We're done with logic!

Sets, Functions, Sequences, Sums, Matrices

Intro to Sets

Group "objects" together

• Positive integers
• Rational numbers less than 100
• Students in this class
• {1, -2, "Peyton", "Raynor"}
• {1, 3, {2, 4}}

Properties of Sets

• Elements are unique (no duplicates)
• Elements are unordered
• Can be finite or infinite
• Can contain other sets

Fancy Notations

• We write "x ∈ A" if x is a member of set A and "x ∉ S" if x is not a member of set A.
• We use ∅ to denote the empty set (note that {∅} is a set of one element)
• For finite sets, the cardinality of a set S is the number of elements in the set and is denoted by |S|.

Tabular Notation

• Enumerate the values in the set
• {2,3,5,7}
• {b, c, a, m, z}
• Do not do something like {3, 6, 9, 12, ...}
• Use this form only if you can list all the values

Set Builder Notation

• { x | p(x) } where if p(x) is true, then x is a member of the set
• { x ∈ S | p(x) } where the first part describes our universe of discourse (natural numbers, integers, etc.)
• { x | x ∈ ℕ | x is even and less than 100 }
• { x | x is a game on Steam }
• Use this form to describe large or infinite sets

Special Sets

• ℕ: the set of natural numbers (usually including 0)
• ℤ: the set of integers
• ℚ: the set of rational numbers
• ℝ: the set of real numbers
• ℂ: the set of complex numbers
• ℤ+: the set of all positive integers
• ℤn: the set of all nonnegative integers less than n
• ℝ+: the set of all positive real numbers

Relationships Between Sets

Subset / Superset

• We say X is a subset of Y if and only if (iff) all elements of x are also in Y.
• ∀ x [ ( x ∈ X ) → ( x ∈ Y ) ] 
• Denoted as X ⊆ Y
• We say Y is a superset of X iff X is a subset of Y.
• The empty set ∅ is a subset of all sets.
• Example: {1, 2, 3} is a subset of {x | x ∈ ℤ }

Equal / Not Equal

• We say X and Y are equal (X = Y) if X is a subset of Y and Y is a subset of X
• ∀ x [ ( x ∈ X ) ↔ ( x ∈ Y ) ]
• If X and Y are not equal, we write X ≠ Y
• Remember that order does not matter!
  {2, 4, 6} = {6, 4, 2}
• Be careful, {{2, 4, 6}} is not equal to {2, 4, 6}

Other Relationships

• X is a proper subset of Y iff X ⊆ Y and X ≠ Y
• X and Y are said to be (mutually) disjoint iff no element is in both X and Y
• Example: {1, 3, 5} is a disjoint set of {2, 4, 6}

Operations With Sets

Universal Set

The set of all elements for which the sets we're operating on will be selecting from.

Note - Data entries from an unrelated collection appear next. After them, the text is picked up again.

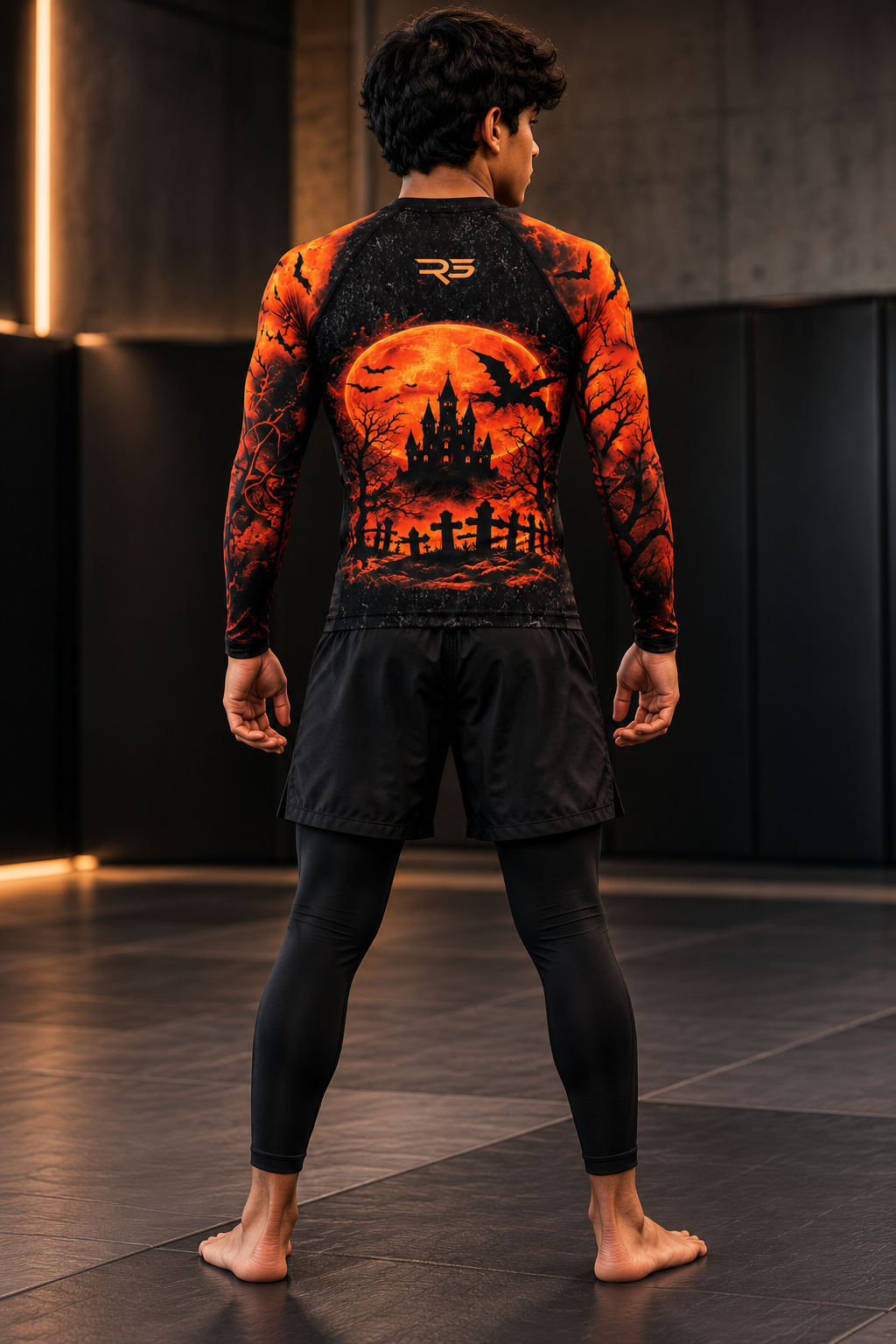 Roll Gear Youth Tap or Treat Long Sleeve Rash Guard, back view, haunted house back print.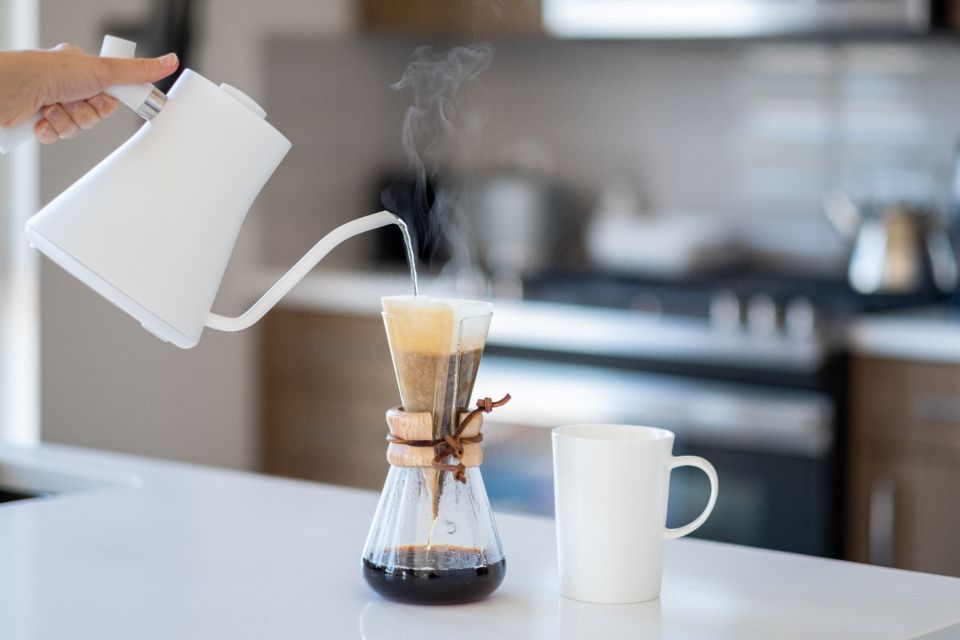 a person pours hot water into a glass coffee funnel with filter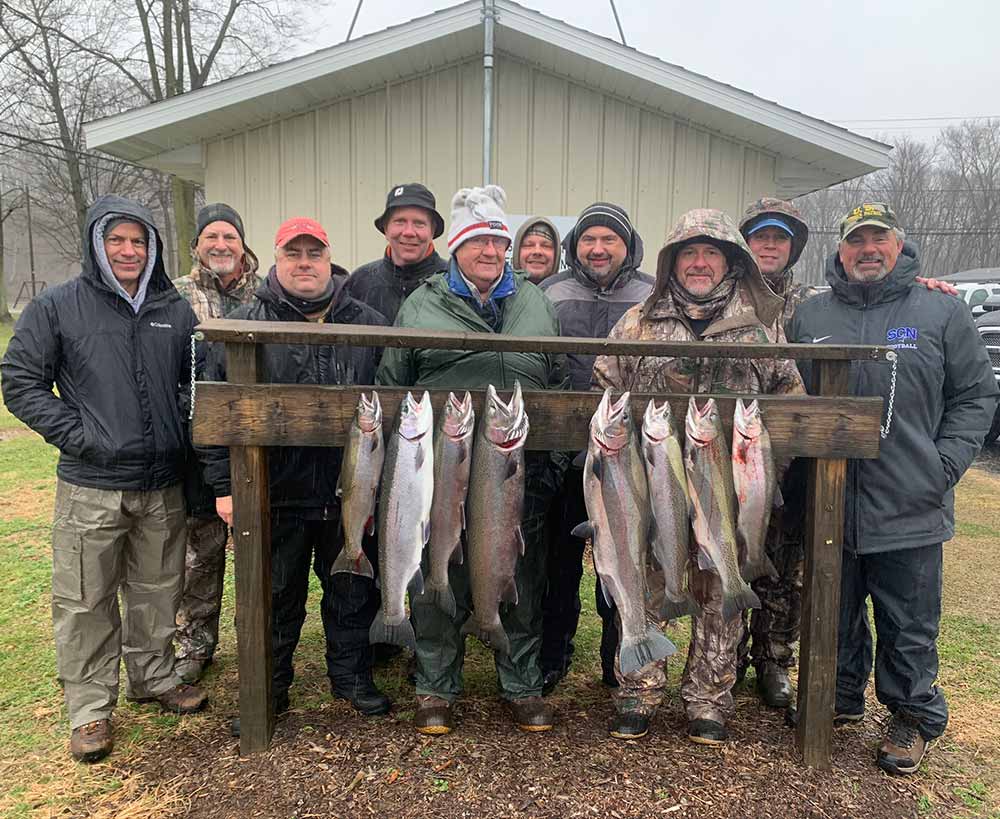group-of-people-taking-picture-with-fish-caught-on-a-fishing-charter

For example if U = {x | x ∈ ℤ }, then sets A and B inside of this universe can only contain integers.

Union

The Union of two sets A and B are all of the elements of A and all of the elements in B.

Using set builder notation: A ∪ B = { x | x ∈ A ∨ x ∈ B }

{2, 4, 6} ∪ {1, 3, 5} = {1, 2, 3, 4, 5, 6}

Intersection

The Intersection of two sets A and B are all of the elements common to both A and B.

Using set builder notation: A ∩ B = { x | x ∈ A ∧ x ∈ B }

{2, 4, 6} ∩ {1, 2, 3} = {2}

Complement

The Complement of a set A is all of the elements in U that are not in A.

Using set builder notation: A = { x ∈ U | x ∉ A ) }

Set Difference

The Difference of two sets A and B are all the elements in A that are not in B. Note that A - B is not usually equal to B - A.

Using set builder notation: A − B = { x | x ∈ A ∧ x ∉ B } 

{2, 4, 6} - {1, 2, 3} = {4, 6}

Cartesian Product

The Cartesian Product of two sets A and B is a set of ordered pairs containing all pairs of elements between A and B.

An ordered pair is of the form (x, y)

Using set builder notation: A × B = { (x, y) | x ∈ A ∧ y ∈ B }  

{2, 4} x {1, 2} = {(2, 1), (2, 2), (4, 1), (4, 2)}

Power Set

The Power Set of a set A is the set of all subsets of A (including the empty set and itself). May be denoted as ℘(A) or 2^A

℘{9,10,11} = { X | X ⊆ {9,10,11} } = { ∅, {9}, {10}, {11}, {9,10}, {10,11}, {9,11}, {9,10,11} }